- VCD cover
- Directed by: S. Narayan
- Written by: S. Narayan
- Starring: Sunad Raj Vijayashree
- Cinematography: P. K. H. Das
- Edited by: T. Shashikumar
- Music by: Hamsalekha
- Production company: Swathi Movies
- Release date: 10 June 1994;
- Country: India
- Language: Kannada

= Megha Maale =

Megha Maale is a 1994 Indian Kannada-language romantic family drama film directed by S. Narayan. The film stars newcomer Sunad Raj and Vijayashree. The film was a box office success.

== Production ==
Raghavendra made his debut with this film and was credited as Sunad Raj to avoid being confused with Raghavendra Rajkumar. Dr. Rajkumar closed the clapperboard for the muhurat shot.

== Soundtrack ==
The music was composed by Hamsalekha. Dr.

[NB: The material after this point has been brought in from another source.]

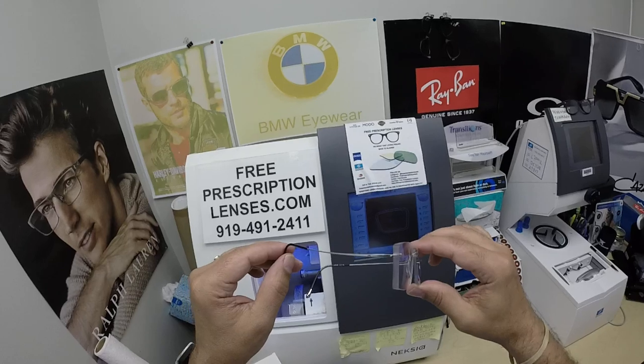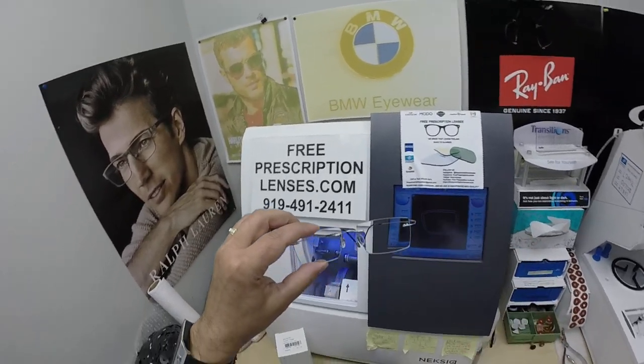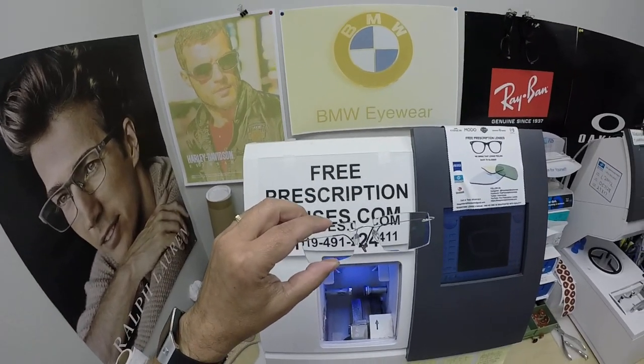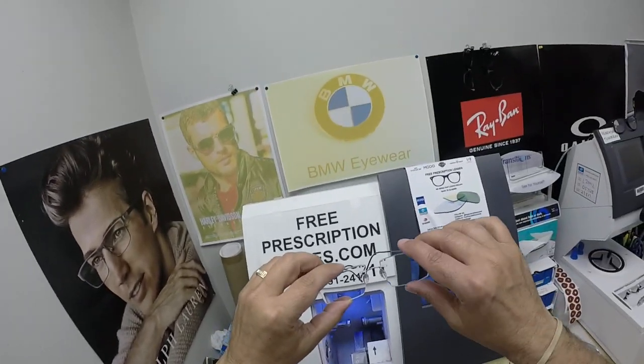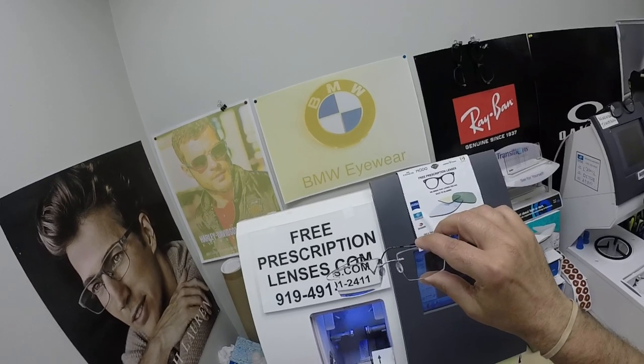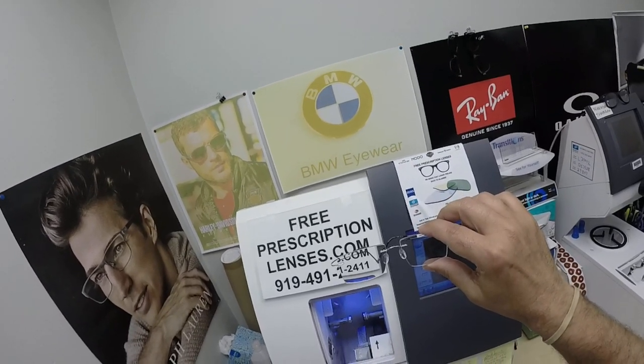He got the silver color, although this does come in a green — almost a lime green. I'm an authorized Silhouette dealer. I do not have this frame, this chassis, the 5515 or the 5521 on the website. Those are the two drill mounts I do the most.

Rajkumar sang the title song, and the music was well received.

Track listing
| No. | Title | Singer(s) | Length |
|---|---|---|---|
| 1. | "Bhoodevigindu" | S. P. Balasubrahmanyam, Latha Hamsalekha | 4:43 |
| 2. | "Om Pratham Om" | S. P. Balasubrahmanyam, K. S. Chithra | 5:01 |
| 3. | "Ghamaka" | S. P. Balasubrahmanyam, S. Janaki | 4:41 |
| 4. | "Ondu Hudugi Nodde Kano" | S. P. Balasubrahmanyam | 4:47 |
| 5. | "Megha Maale" | Dr. Rajkumar | 5:05 |
| 6. | "Ivalu Hetthavalu" | S. P. Balasubrahmanyam | 5:12 |
| 7. | "Megha Maale (Female version)" | K. S. Chithra | 5:05 |
| Total length: |  |  | 34:34 |

== Reception ==
In 2023, a writer from Hindustan Times wrote that "The film Megha Maale won the hearts of moviegoers with its screenplay and songs and will never be forgotten. Though the hero and heroine of this film are newcomers, the onscreen chemistry was well worked out".